Here's to You, Mr. Robinson

He manages in a baseball wasteland, perhaps the last stop on the road to diamond hell. He manages a team that nobody wants, that its owners neglect, that its home city could care less about. He's a Hall of Famer who played during a time where ballplayers didn't make the megabucks they do today, so perhaps he really needs the money he makes, but you wonder whether he does this for any other reason than he just loves the game.

His team flirted with some glory for the first half of last year, only to then wilt during the final turn the way 6 of the past 8 contenders for horse racing's Triple Crown found mortality during the home stretch of The Belmont Stakes. Secretariat or Affirmed -- or even Rocky Balboa to mix the metaphor -- the 2003 Montreal Expos were not to become.

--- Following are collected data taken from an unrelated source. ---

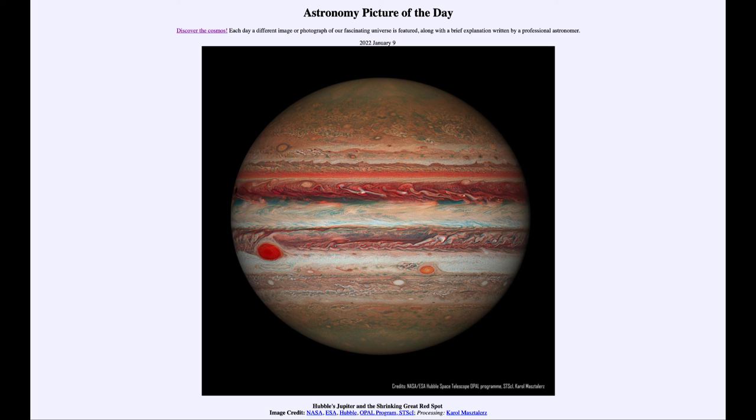We'll find out what will happen to it. Here we see this image put together from Hubble Space Telescope views of the planet Jupiter. That was our picture of the day for January 9th of 2022, titled 'Hubble's Jupiter and the Shrinking Great Red Spot.' We'll be back again tomorrow for the next picture preview — a wagging comet tail — so we'll see what that is about tomorrow. Until then, have a great day everyone, and I will see you in class.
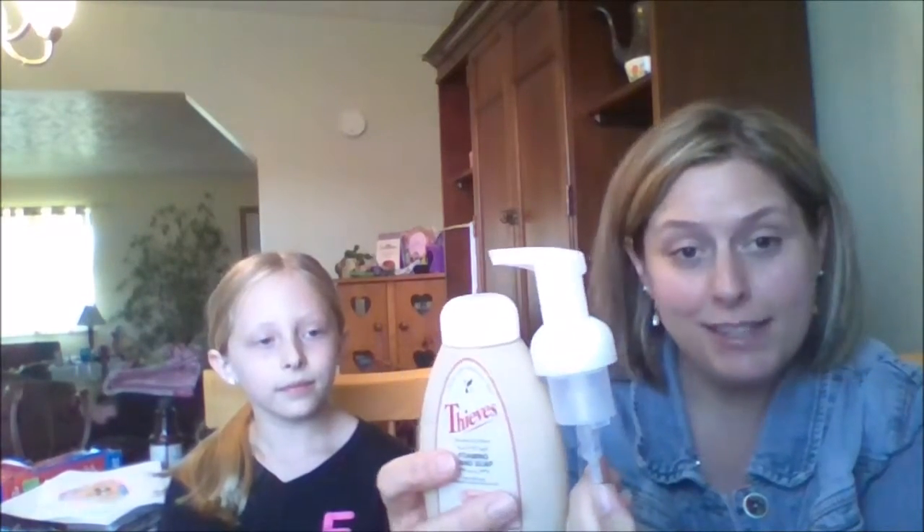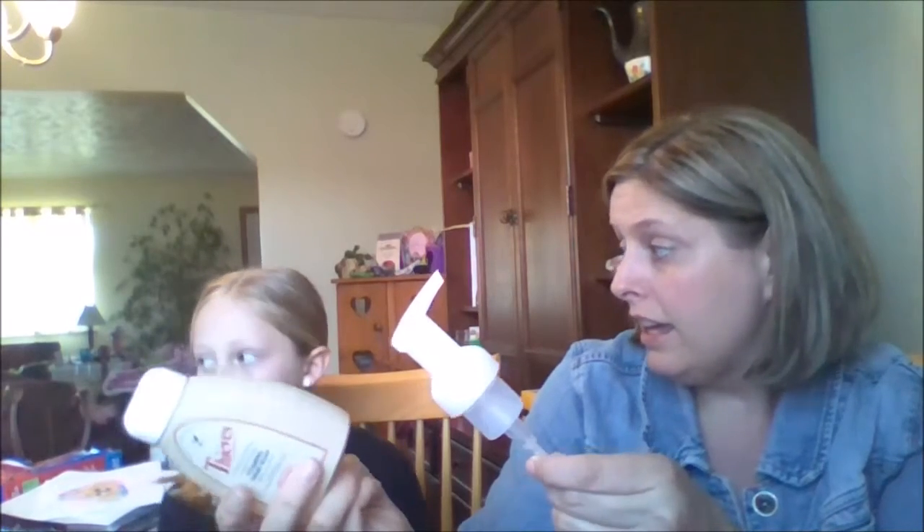I also have the Thieves foaming hand soap. I'm building my arsenal of these — I need one more so I'll have one in each bathroom and one in the kitchen, and then I'll get the refills. For the three of us, I put this in our main bathroom and it lasted all month long. The last pump I pushed it down and then the box came that very day!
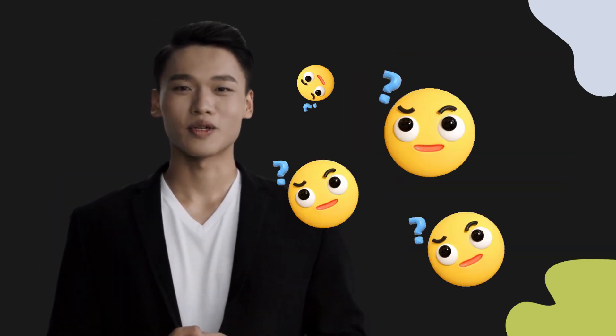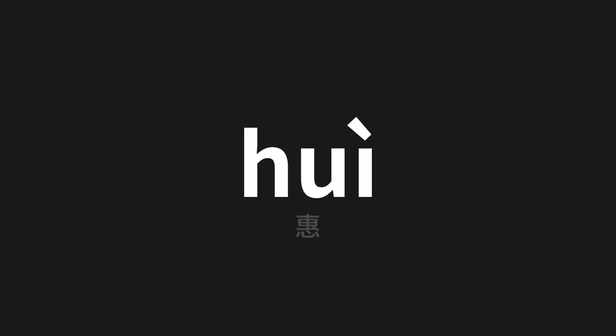Welcome to this pronunciation video. Today we will be focusing on a new word that you might find challenging or intriguing. So let's dive into today's word, which means benefit in Chinese.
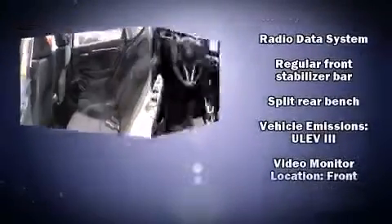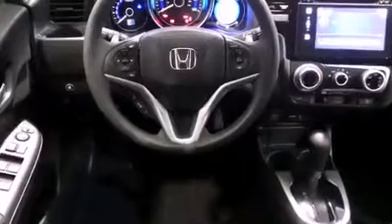Various mechanical systems are monitored by electronic stability control, keeping you on your intended path.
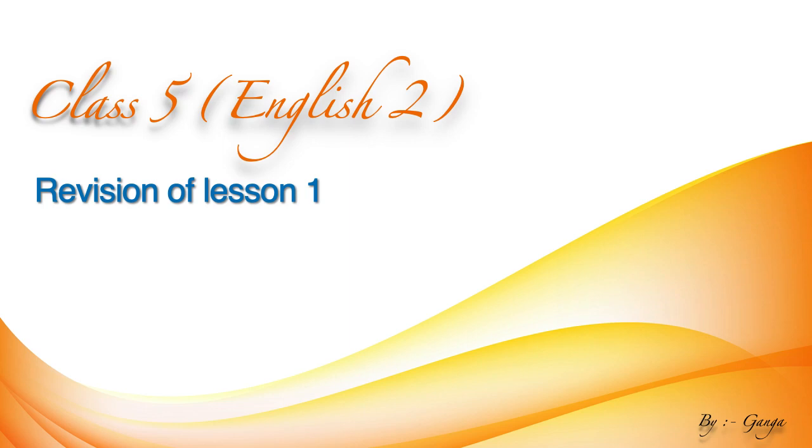So, in this class, I will give some questions from lesson number 1, Jatin's Sandal. Read the questions and answer them. First, you learn everything from lesson 1, close your book and copy, and write the answers without looking.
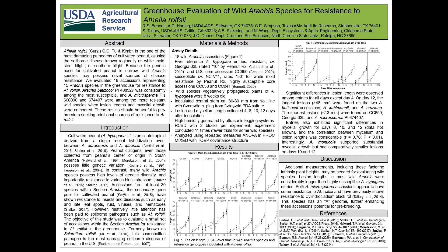Here we evaluate 18 accessions representing 15 species within section Arachis. For reference, we included five hypogaea entries, including the resistant Georgia 03L, CC650, and the susceptible Virginia NCV11, and the highly susceptible core entries CC38 and CC41.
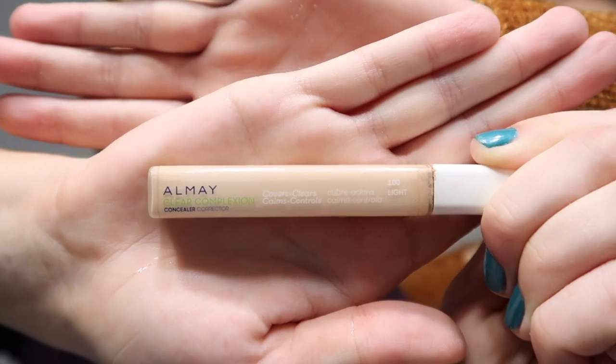I take my concealer — I'm using a clear complexion concealer. I put it under my eye, just a couple of dots, and then I blend that in with my finger.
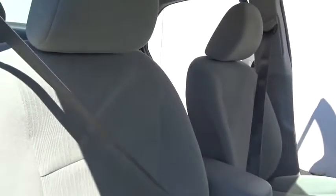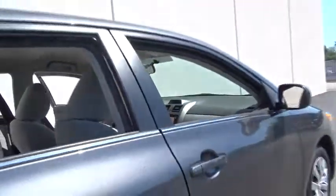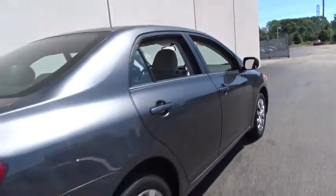Here are some of this vehicle's great options: stability control, anti-lock braking system, traction control, keyless entry, steering wheel audio controls, Bluetooth, power steering, adjustable steering wheel, and cruise control.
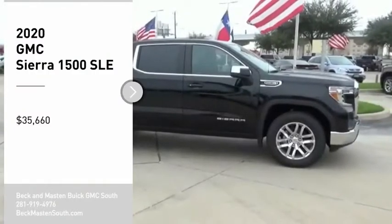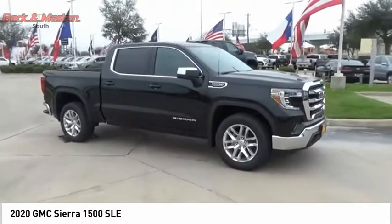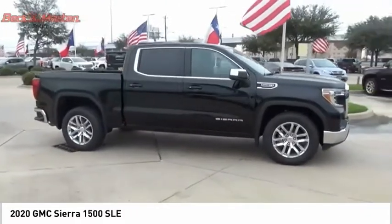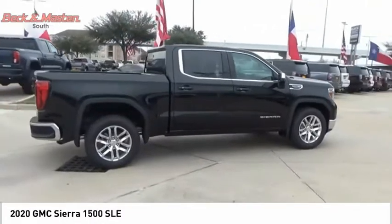Stop by and take a look at the 2020 Sierra 1500. The GMC Sierra is a full-size pickup with all the functionality you could expect. With multiple trim levels,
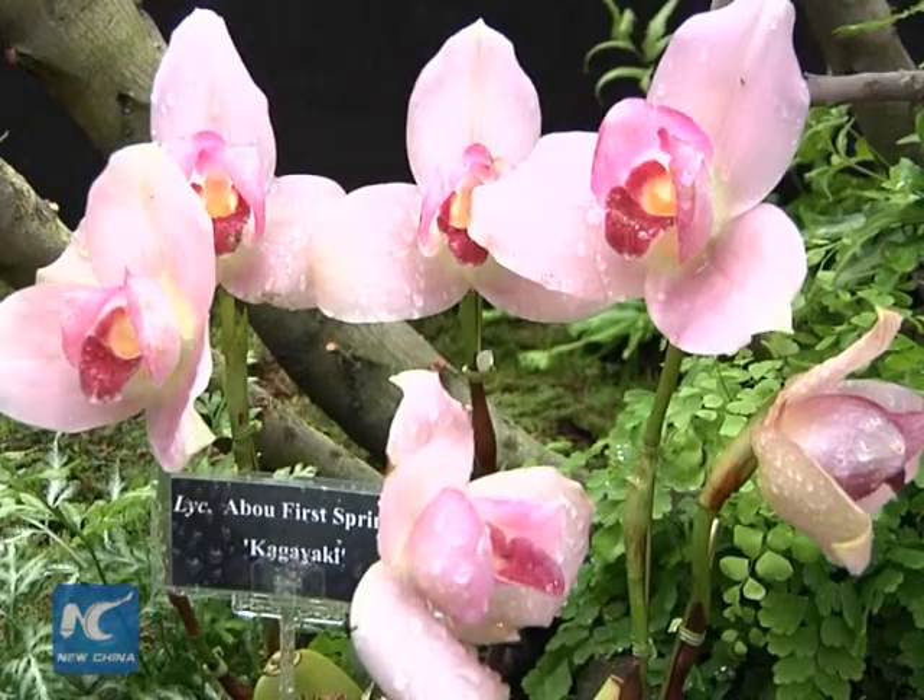They all get judged on their own criteria — it's the shape, it's the pureness of color. How well they are grown is another aspect. If they're really beautiful specimen plants, they will get special prizes, and so the judges look at a great variety of different qualities of a plant, and then it all adds up and they get prizes.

So why does Frank Robinson continue to manage a team that has no chance of winning? And how does he manage to do it with such conviction? Last night in Montreal, before 3,700 or so true baseball fans, the T-NOWs Team No One Wants) lost to the Minnesota Twins, another franchise just a few steps ahead of baseball oblivion, on a controversial (read: bad) call by the umpires who somehow deemed Luis Rivas' foul ball a fair ball and a home run that gave the Twins the game, 5-4.

Did Frank Robinson simply bear the bad call by the Men in Blue? Why didn't he just say, "Aw, heck, had we done x, y and z, we wouldn't have been in a spot where that hit should have mattered?" Isn't that what some coaches and managers do?

Instead, Frank argued vociferously, taking on each member of the umpiring crew before getting ejected after he made choking gestures to the umpires. Instead of going quietly, as, supposedly, the T-NOWs are supposed to do, their skipper gave 'em hell.

He gave 'em hell because to him each game does matter, and no one will tell him that his team or their games really are just filler for teams with new parks or teams with much better traditions. He knows how to approach the game only one way -- with great fire.

Here's to you, Frank Robinson, for doing your job in the only gear you know how to do it. You could simply have taken the job as a caretaker, mailed in your lineups and your baseball knowledge, and no one would have thought twice about it. No one expects much out of the T-NOWs, and most would have understood.

But not you. You didn't make it to the Hall of Fame by just going through the motions, and SportsProf, for one, is glad to see that you're making your opponents know that a game against the T-NOWs isn't the same as a free space on a Bingo card.

You wouldn't have it any other way, would you?